● Exercise
Go through the entries below and print, exactly, the lines starting at the one with "Перекодировочный комплект MUL-T-LOCK®" and ending at the one with "Best Places To", keeping both ends and no others.

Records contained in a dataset
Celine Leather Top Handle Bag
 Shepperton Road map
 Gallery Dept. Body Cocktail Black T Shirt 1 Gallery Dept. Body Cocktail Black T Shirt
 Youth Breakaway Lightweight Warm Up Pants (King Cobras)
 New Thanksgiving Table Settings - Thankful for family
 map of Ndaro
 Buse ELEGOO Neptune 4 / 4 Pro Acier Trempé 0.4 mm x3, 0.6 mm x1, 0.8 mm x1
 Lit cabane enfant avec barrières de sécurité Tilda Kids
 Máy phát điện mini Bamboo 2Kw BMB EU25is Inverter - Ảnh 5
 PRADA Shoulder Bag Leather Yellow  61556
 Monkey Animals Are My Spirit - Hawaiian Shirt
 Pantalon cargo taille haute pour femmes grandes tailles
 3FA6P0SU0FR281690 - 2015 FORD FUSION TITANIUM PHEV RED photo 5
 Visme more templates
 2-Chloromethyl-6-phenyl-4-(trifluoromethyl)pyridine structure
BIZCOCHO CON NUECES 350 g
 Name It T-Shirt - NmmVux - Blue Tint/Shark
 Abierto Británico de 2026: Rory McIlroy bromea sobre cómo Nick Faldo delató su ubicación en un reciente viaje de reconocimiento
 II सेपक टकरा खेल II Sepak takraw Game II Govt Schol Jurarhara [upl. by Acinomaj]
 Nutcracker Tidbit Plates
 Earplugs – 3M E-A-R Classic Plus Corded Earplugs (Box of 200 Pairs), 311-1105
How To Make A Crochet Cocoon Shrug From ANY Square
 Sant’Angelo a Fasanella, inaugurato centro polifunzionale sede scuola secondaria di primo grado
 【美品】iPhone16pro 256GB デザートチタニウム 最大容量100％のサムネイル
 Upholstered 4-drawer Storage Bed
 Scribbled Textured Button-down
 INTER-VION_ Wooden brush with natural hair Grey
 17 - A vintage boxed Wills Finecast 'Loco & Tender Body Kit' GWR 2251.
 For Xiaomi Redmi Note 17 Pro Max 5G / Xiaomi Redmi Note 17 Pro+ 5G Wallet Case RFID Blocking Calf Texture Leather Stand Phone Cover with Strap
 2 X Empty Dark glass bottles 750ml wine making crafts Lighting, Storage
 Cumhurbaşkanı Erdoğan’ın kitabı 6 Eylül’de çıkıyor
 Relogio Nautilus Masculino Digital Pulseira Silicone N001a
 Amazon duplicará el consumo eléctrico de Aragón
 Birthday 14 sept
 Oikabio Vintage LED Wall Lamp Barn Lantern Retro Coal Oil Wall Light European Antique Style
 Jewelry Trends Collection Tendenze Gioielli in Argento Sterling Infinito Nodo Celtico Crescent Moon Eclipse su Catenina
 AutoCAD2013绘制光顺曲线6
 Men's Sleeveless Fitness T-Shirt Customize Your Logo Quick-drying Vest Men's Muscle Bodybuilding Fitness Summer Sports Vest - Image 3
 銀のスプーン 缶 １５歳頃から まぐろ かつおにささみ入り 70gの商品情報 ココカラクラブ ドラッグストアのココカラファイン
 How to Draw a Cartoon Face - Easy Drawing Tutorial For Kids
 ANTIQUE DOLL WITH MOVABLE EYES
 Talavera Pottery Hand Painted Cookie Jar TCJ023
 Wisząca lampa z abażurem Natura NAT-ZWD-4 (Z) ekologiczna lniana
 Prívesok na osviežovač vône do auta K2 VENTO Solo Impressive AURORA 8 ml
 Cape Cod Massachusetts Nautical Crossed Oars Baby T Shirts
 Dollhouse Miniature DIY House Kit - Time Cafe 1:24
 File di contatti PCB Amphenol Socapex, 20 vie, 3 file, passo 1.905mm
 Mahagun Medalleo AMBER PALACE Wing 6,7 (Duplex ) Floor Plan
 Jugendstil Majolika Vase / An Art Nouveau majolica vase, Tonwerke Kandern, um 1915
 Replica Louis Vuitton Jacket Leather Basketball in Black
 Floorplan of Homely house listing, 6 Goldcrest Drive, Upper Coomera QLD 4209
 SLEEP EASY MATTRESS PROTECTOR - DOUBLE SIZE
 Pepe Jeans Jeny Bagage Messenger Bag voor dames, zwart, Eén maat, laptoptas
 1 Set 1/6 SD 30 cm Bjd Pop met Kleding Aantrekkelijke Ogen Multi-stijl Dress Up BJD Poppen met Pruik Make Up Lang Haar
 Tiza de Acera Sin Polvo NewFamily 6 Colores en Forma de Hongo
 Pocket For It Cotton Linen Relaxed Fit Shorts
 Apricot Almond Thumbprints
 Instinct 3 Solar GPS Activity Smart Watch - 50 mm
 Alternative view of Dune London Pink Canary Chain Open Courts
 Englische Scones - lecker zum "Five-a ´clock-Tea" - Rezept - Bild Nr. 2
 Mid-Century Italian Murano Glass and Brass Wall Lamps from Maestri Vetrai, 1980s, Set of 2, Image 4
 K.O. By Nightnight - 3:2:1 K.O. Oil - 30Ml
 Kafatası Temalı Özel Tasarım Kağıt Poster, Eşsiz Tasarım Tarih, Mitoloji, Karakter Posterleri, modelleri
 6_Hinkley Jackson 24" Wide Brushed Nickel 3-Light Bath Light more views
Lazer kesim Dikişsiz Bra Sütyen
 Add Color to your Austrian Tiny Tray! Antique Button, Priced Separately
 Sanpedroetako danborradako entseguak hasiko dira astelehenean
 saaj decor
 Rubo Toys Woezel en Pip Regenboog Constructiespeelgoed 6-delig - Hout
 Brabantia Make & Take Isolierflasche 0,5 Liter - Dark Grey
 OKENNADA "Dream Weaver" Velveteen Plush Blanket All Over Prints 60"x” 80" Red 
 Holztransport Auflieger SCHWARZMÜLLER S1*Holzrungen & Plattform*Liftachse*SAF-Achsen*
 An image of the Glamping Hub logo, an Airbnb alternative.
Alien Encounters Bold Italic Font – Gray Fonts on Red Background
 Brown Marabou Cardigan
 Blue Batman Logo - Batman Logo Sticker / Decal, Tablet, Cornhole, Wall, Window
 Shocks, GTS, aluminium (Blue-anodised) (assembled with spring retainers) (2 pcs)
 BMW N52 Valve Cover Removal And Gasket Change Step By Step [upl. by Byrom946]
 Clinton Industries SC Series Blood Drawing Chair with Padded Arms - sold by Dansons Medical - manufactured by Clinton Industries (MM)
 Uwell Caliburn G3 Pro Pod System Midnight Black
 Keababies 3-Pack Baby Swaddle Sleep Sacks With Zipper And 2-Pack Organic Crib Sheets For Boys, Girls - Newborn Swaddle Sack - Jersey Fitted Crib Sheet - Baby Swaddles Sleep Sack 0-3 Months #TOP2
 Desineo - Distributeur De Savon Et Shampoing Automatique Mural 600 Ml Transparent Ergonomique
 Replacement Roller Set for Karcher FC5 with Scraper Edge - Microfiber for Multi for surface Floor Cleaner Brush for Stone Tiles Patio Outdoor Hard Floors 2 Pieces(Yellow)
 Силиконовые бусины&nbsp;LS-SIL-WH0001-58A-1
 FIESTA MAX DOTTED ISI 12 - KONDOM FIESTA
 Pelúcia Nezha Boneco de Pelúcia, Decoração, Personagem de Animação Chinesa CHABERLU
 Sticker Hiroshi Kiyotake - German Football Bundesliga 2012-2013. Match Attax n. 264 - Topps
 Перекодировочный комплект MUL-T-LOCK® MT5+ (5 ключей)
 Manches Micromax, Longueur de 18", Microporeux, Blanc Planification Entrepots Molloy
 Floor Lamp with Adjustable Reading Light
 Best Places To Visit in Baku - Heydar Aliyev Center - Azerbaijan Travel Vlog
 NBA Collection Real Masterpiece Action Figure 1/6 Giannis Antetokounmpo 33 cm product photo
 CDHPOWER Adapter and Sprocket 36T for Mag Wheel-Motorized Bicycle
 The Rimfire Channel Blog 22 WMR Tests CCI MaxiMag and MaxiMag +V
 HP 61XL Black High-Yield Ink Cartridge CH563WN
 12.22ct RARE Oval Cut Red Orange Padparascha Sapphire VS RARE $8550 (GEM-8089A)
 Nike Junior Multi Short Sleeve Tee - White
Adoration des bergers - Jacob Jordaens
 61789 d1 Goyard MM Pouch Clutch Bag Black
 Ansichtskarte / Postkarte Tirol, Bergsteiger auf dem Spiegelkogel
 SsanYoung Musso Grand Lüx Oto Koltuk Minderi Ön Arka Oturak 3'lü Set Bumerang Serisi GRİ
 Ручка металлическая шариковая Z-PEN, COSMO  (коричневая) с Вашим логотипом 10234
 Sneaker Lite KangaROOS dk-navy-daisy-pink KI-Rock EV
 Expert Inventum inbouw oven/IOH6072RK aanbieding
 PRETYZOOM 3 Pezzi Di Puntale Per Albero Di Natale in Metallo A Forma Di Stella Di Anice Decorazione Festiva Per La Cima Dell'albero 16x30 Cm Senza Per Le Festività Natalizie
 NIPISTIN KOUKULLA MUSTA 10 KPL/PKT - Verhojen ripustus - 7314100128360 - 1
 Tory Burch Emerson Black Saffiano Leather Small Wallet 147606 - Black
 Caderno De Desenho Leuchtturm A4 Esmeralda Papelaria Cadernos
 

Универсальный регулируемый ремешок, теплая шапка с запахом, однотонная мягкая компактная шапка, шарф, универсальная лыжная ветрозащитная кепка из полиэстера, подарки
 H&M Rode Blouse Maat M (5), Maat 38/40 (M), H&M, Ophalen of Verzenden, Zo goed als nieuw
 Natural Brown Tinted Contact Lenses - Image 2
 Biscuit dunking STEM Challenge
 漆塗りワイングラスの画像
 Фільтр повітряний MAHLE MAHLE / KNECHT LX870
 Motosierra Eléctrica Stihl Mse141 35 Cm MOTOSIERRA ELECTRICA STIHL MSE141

● Exercise solution
 Перекодировочный комплект MUL-T-LOCK® MT5+ (5 ключей)
 Manches Micromax, Longueur de 18", Microporeux, Blanc Planification Entrepots Molloy
 Floor Lamp with Adjustable Reading Light
 Best Places To Visit in Baku - Heydar Aliyev Center - Azerbaijan Travel Vlog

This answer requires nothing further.